I am trying to use KNN to correctly classify .wav files into two groups, group 0 and group 1.
I extracted the data, created the model, fit the model, however when I try and use the .predict() method I get the following error:
Traceback (most recent call last):
File "/..../....../KNN.py", line 20, in <module>
classifier.fit(X_train, y_train)
File "/Library/Frameworks/Python.framework/Versions/3.6/lib/python3.6/site-packages/sklearn/neighbors/base.py", line 761, in fit
X, y = check_X_y(X, y, "csr", multi_output=True)
File "/Library/Frameworks/Python.framework/Versions/3.6/lib/python3.6/site-packages/sklearn/utils/validation.py", line 521, in check_X_y
ensure_min_features, warn_on_dtype, estimator)
File "/Library/Frameworks/Python.framework/Versions/3.6/lib/python3.6/site-packages/sklearn/utils/validation.py", line 405, in check_array
% (array.ndim, estimator_name))
ValueError: Found array with dim 3. Estimator expected <= 2.
I have found these two stackoverflow posts which describe similar issues:
sklearn Logistic Regression "ValueError: Found array with dim 3. Estimator expected <= 2."
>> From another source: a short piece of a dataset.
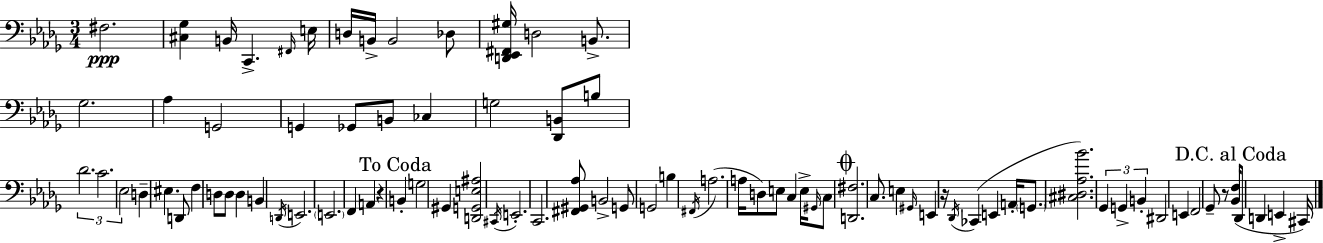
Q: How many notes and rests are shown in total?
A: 86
Error: Found array with dim 3. Estimator expected <= 2
And, correct me if I'm wrong, but it appears that scikit-learn can only accept 2-dimensional data.
My training data has shape (3240, 20, 5255) Which consists of:
- 3240 .wav files in this dataset (this is index 0 of the training data) For
- For each .wav file there is a (20, 5255) numpy array which represents the MFCC coefficients (MFCC coefficients try and represent the sound in a numeric way).
My testing data has shape (3240,) #category is 0 or 1
What code can I use to manipulated my training and testing data to convert it into a form that is usable by scikit-learn? Also, how can I ensure that data is not lost when I go down from 3 dimensions to 2 dimensions?